Retype the data below verbatim; pictures do not belong in the copy.

• **Data for this exercise**:
--- START ---

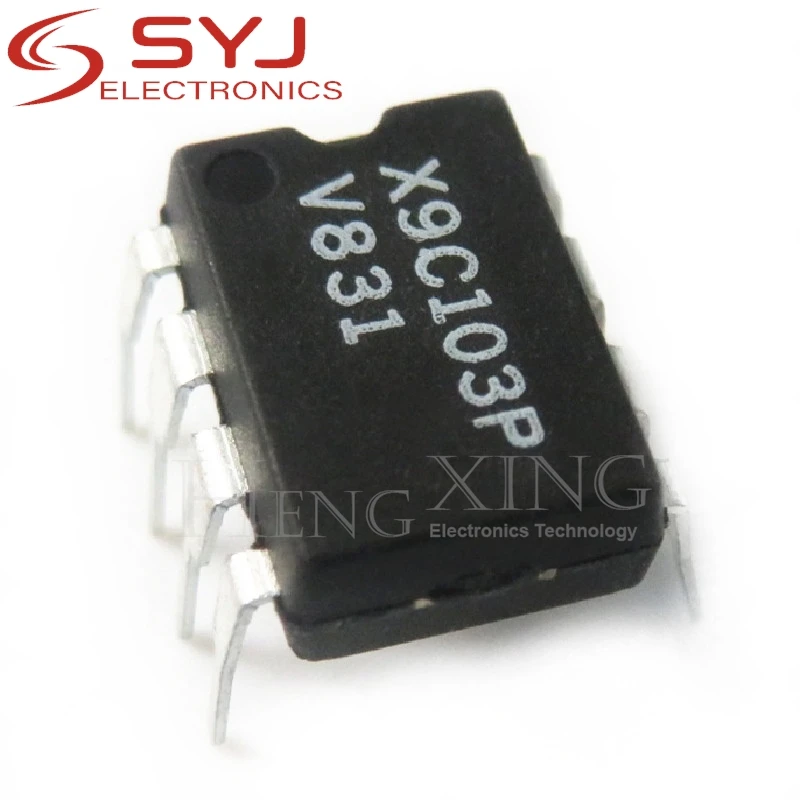 （1pcs-5pcs）X9C102PIZ X9C102 X9C103P X9C103 X9C503P X9C503 DIP-8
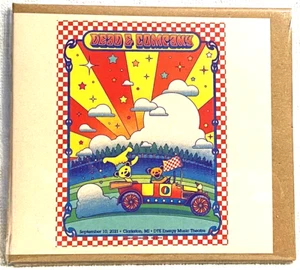 DEAD & COMPANY 9-10-21 DTE Energy Music Theatre Clarkston MI 3CD *NEW* - Picture 1 of 2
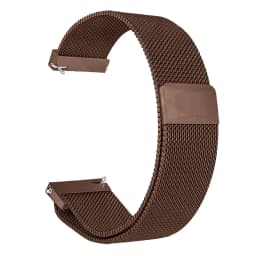 22mm 20mm Strap for Samsung Galaxy Watch 7/6/5/4 44mm/40mm Magnetic Loop Bracelet Galaxy Watch 4/6 Classic 47mm 46mm Metal Band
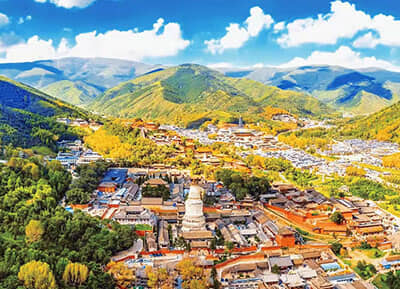 五台山、大同、平遥古城、乔家大院三日游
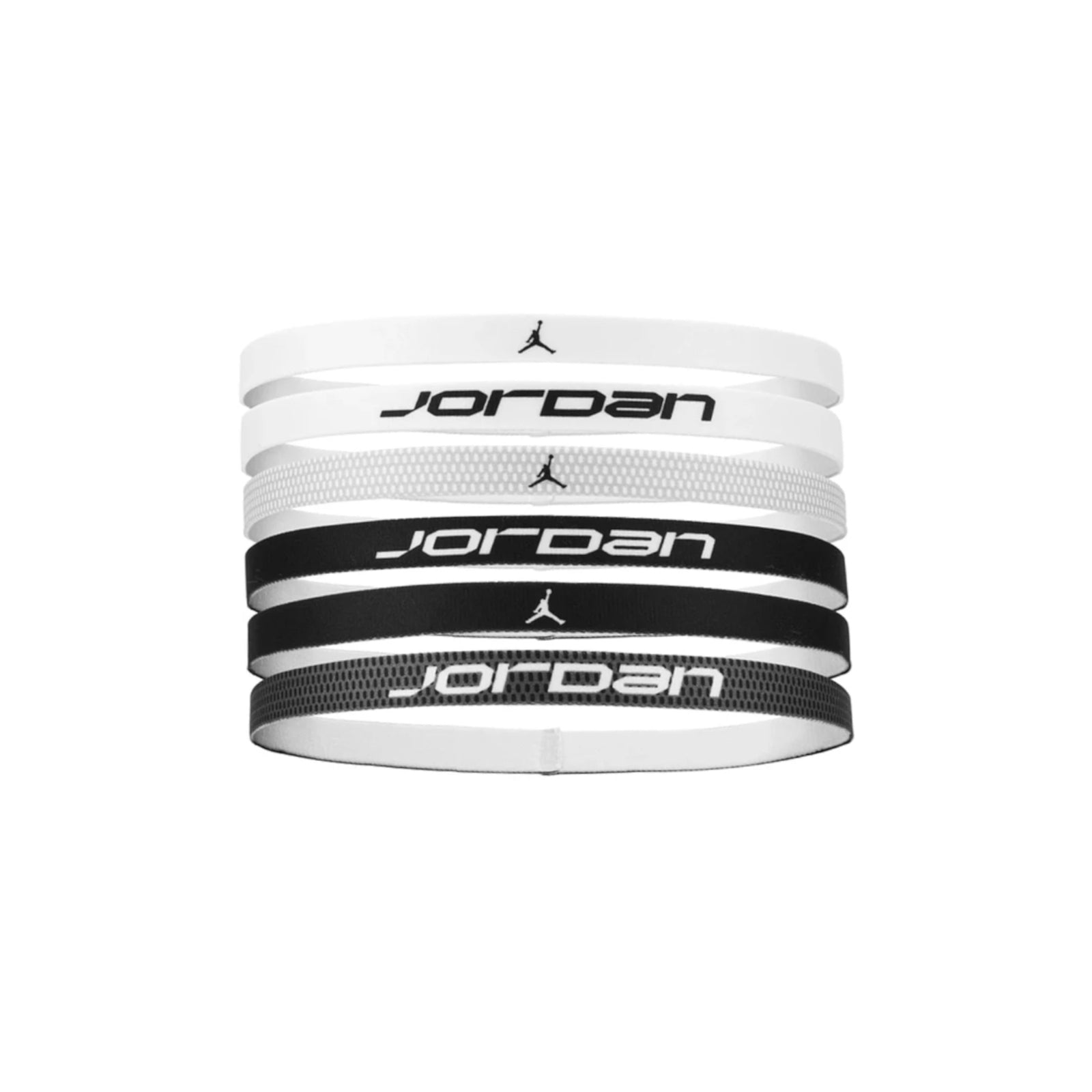 Sport Elastic Headbands (6 pack)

--- END ---

• **Task answer**:
 （1pcs-5pcs）X9C102PIZ X9C102 X9C103P X9C103 X9C503P X9C503 DIP-8
 DEAD & COMPANY 9-10-21 DTE Energy Music Theatre Clarkston MI 3CD *NEW* - Picture 1 of 2
 22mm 20mm Strap for Samsung Galaxy Watch 7/6/5/4 44mm/40mm Magnetic Loop Bracelet Galaxy Watch 4/6 Classic 47mm 46mm Metal Band
 五台山、大同、平遥古城、乔家大院三日游
 Sport Elastic Headbands (6 pack)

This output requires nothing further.